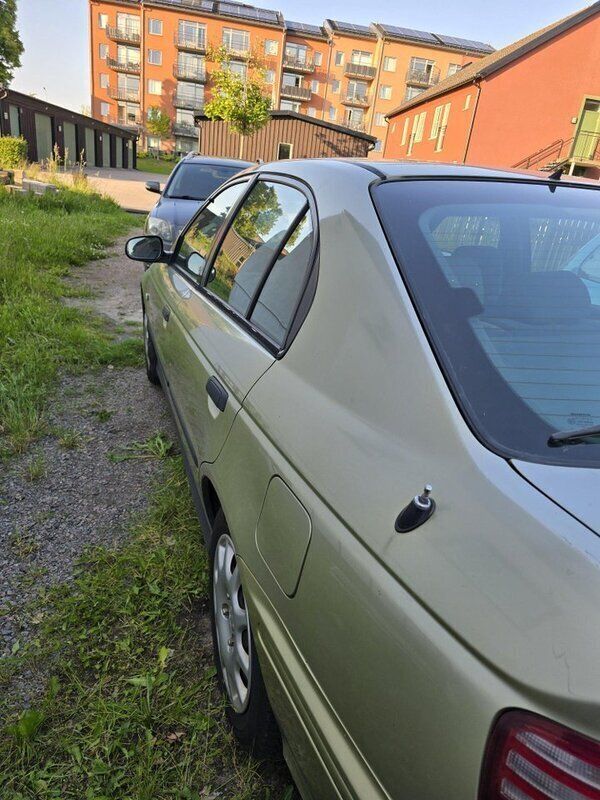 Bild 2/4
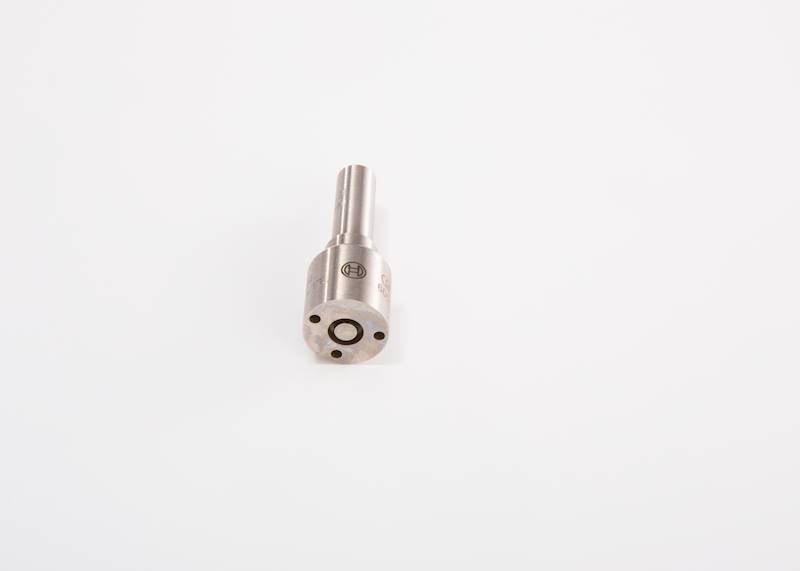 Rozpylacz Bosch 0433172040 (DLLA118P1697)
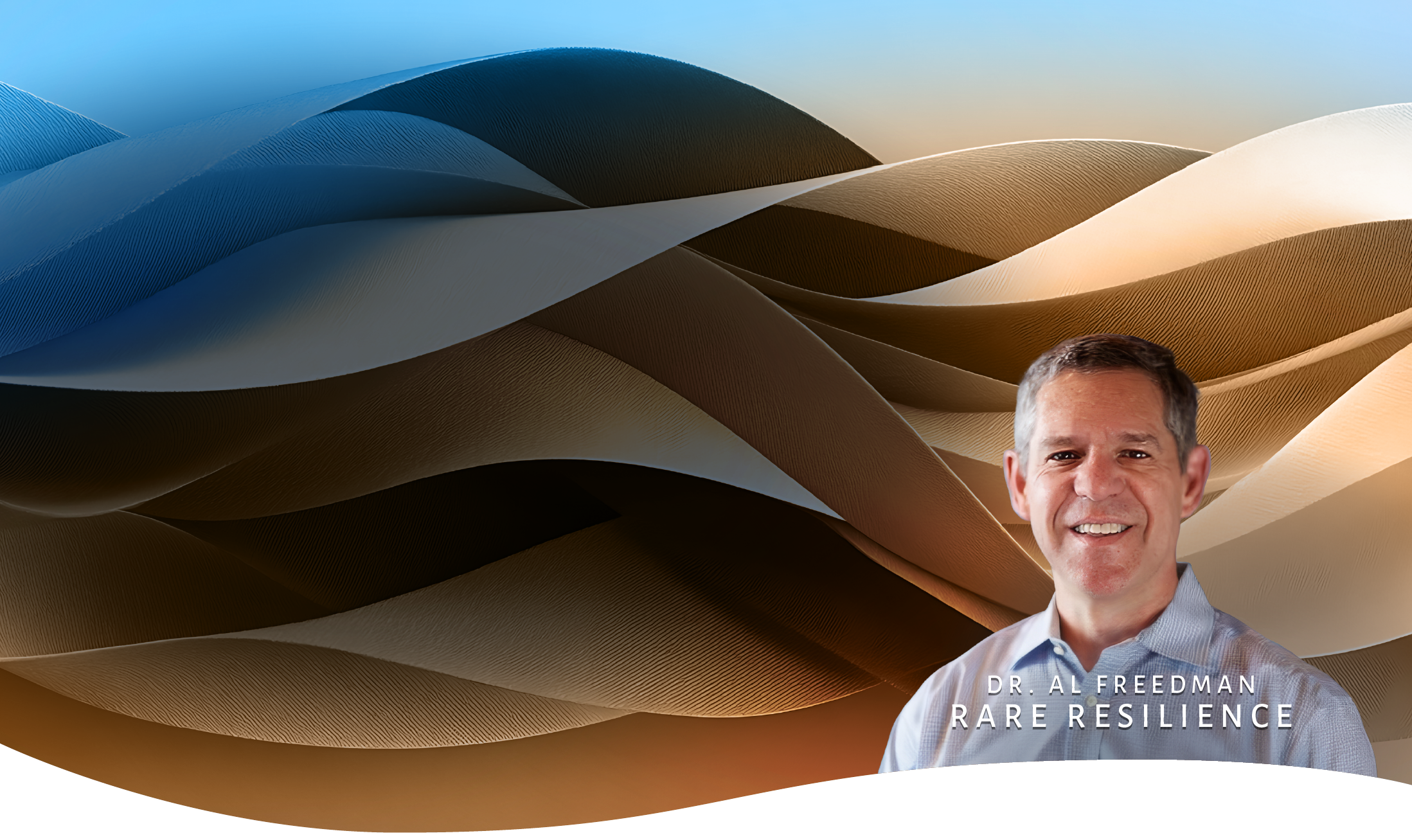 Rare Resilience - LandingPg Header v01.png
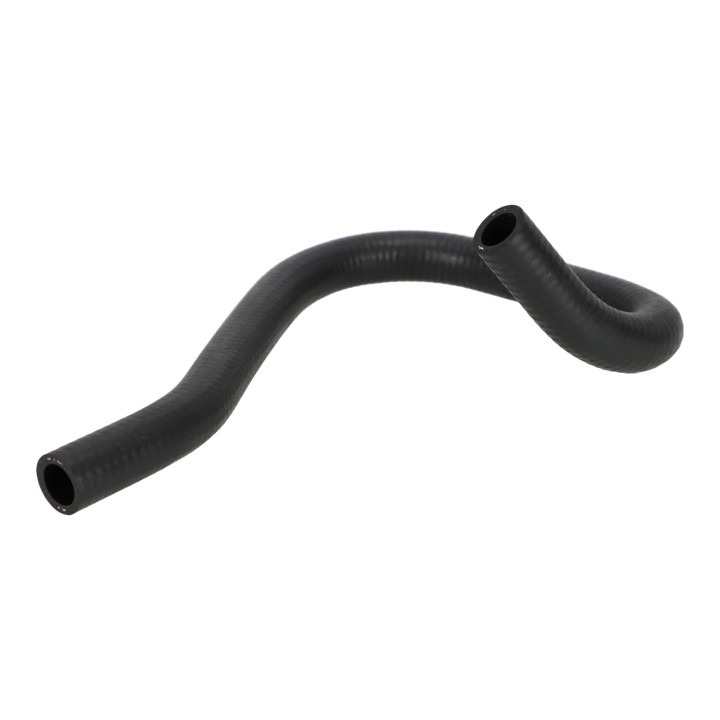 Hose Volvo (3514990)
==
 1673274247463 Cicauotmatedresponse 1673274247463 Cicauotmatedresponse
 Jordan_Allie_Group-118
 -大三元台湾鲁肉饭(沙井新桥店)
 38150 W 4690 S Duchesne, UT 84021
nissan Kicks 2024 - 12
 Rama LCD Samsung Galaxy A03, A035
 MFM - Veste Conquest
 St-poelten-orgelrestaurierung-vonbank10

YOUR TASK: Your reply is to repeat, unchanged, the lines above running from the one with "nissan Kicks 2024 - 12" up to and including the one with "St-poelten-orgelrestaurierung-vonbank10".

TASK SOLUTION:
nissan Kicks 2024 - 12
 Rama LCD Samsung Galaxy A03, A035
 MFM - Veste Conquest
 St-poelten-orgelrestaurierung-vonbank10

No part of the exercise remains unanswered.